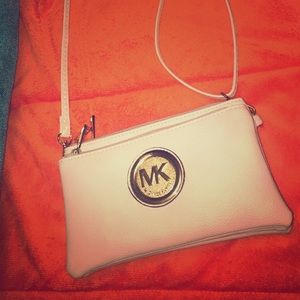 Michael Khors Purse (light pink)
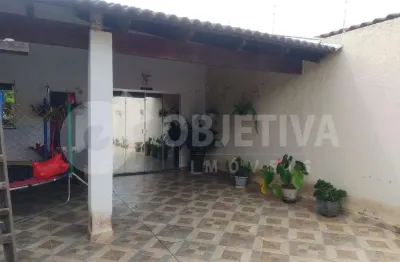 Casa à venda, 2 quartos, 1 suíte, 2 vagas, jardim ipanema - uberlandia/mg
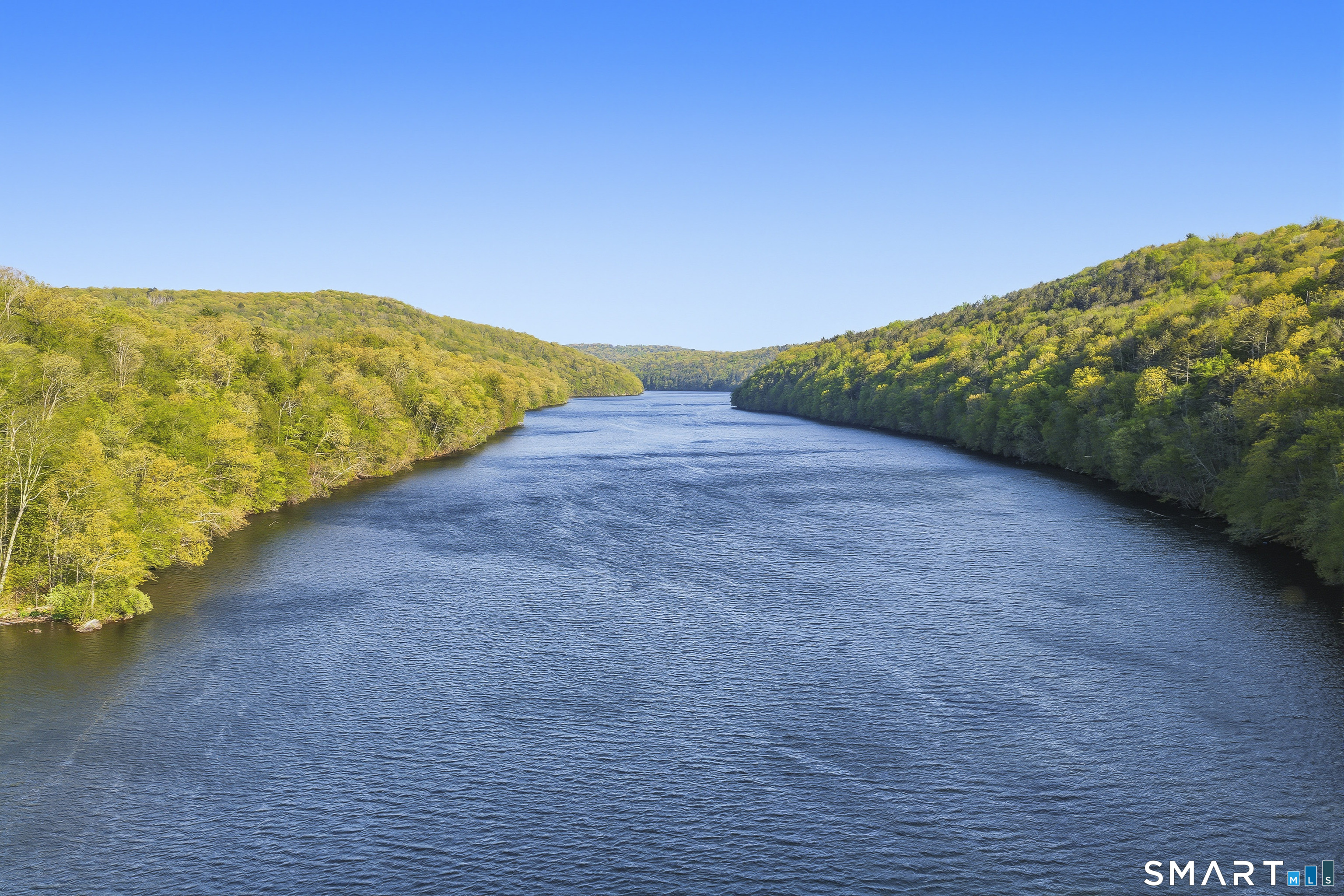 79 Algonquin Trail Newtown CT 06482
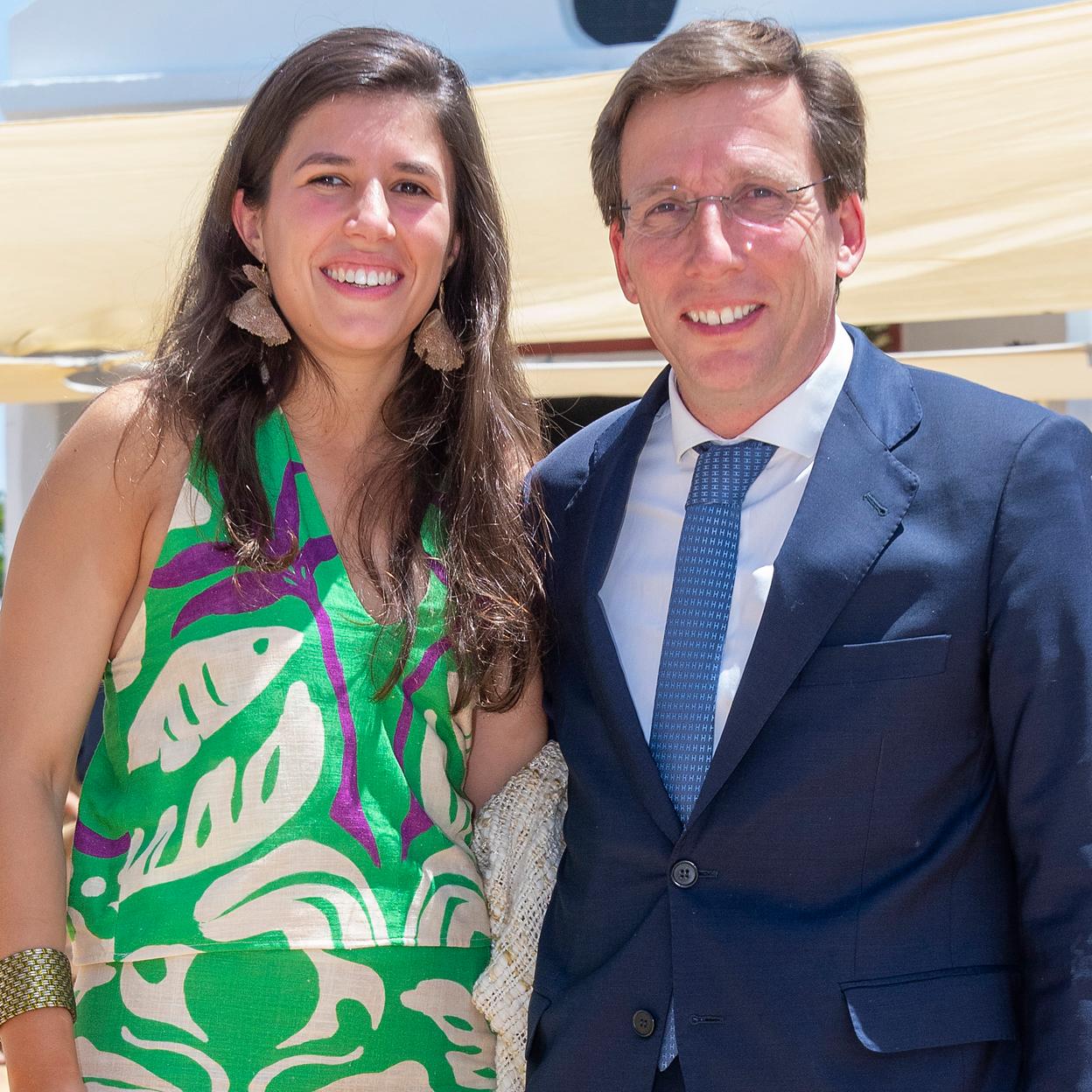 Teresa Urquijo y José Luis Martínez-Almeida en la boda de Inés Díaz del Río en Sevilla. /gtres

————————

* Goal of the exercise *
Working from the line with "79 Algonquin Trail Newtown CT 06482" to the last line of the material above, repeat each line exactly and leave out the pictures.

* Completed exercise *
 79 Algonquin Trail Newtown CT 06482
 Teresa Urquijo y José Luis Martínez-Almeida en la boda de Inés Díaz del Río en Sevilla. /gtres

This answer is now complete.